When you retire after 30 years earning 7% returns, you’ll have $153,000 in free money waiting for you.
Pay down toxic debt
Remember how good it felt to pay off your student loans? Imagine that same rush as you tackle your other debt, especially credit cards and other high interest accounts.
High interest debt — toxic debt — can make it harder to get ahead. You know your debt is toxic if the interest rates are so high that you end up paying two or three times what you borrowed.
Don’t get caught in that cycle of debt. Once you’ve got a safety net and a start on retirement, use your extra money to pay bad debt down faster.
Supercharge your retirement savings
Maybe you already have an emergency fund, a 401(k) and no toxic debt. If so, you’ve got a great opportunity to put that old student loan payment to work for your future.
A Roth IRA uses after-tax dollars to reward savers with tax-free growth. That may not sound like a big deal. But think of it this way: Money you put in a Roth IRA has already been taxed, and you never pay taxes on it again.
So that $300 a month, saved every month in investments returning the historical average of 7% a year, becomes more than $500,000 when you retire — every nickel of it yours. And unlike other retirement accounts, you can withdraw your contributions (not your earnings) without penalty if you have to.
Over time, you’ll want to ramp up your contributions to the max allowed by law, currently $6,000 a year. The longer the money has time to work, the better off you’ll be.
Paying off your student loans is a big accomplishment — don’t forget to celebrate!

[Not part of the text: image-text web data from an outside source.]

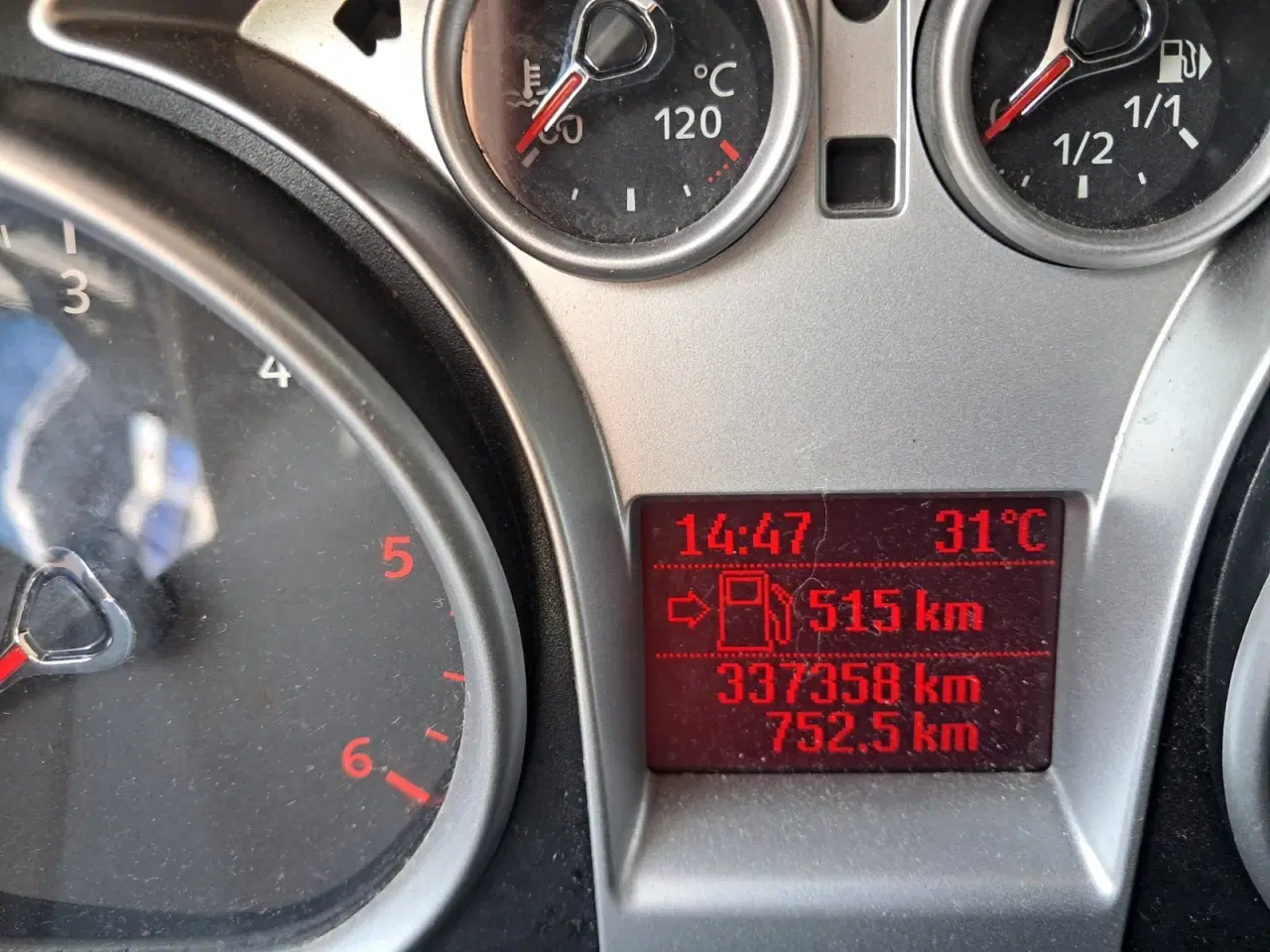 Billede 10 - Ford Focus 1,6 TDCi 90 Trend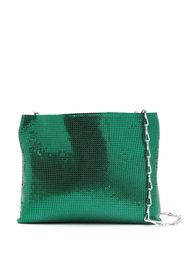 Paco Rabanne Pixel Soft shoulder bag - Green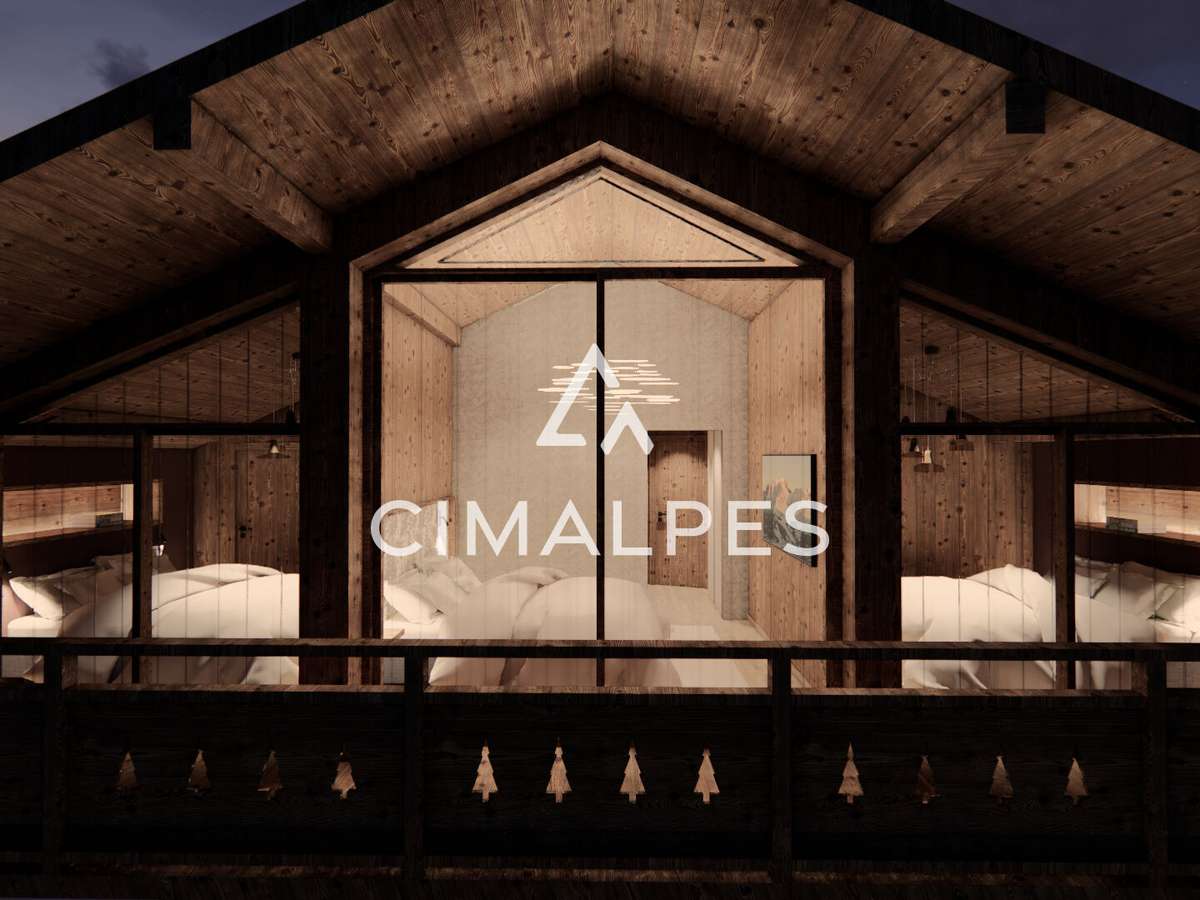 Chalet Champagny-en-Vanoise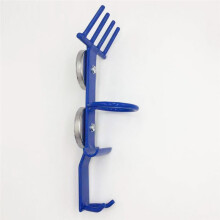 Supporto Magnetico Potente per Utensili Pneumatici, per Chiavi A Percussione, Bussole Ecc., Portata 15 Kg.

It’s OK to splurge a little by spending one month’s student loan payment on something you’ve been holding back on. So don’t feel guilty about ordering dinner at the most expensive restaurant in town or buying those top-of-the-line headphones you always wanted. And once you have your financial house in order, you can budget for higher-ticket items you wouldn’t normally get — like a weekend spa getaway.
Indulging every now and then can keep you motivated. Just make sure to do it responsibly. Setting a budget for your immediate and long-term recreation will help keep you sane and on track with saving.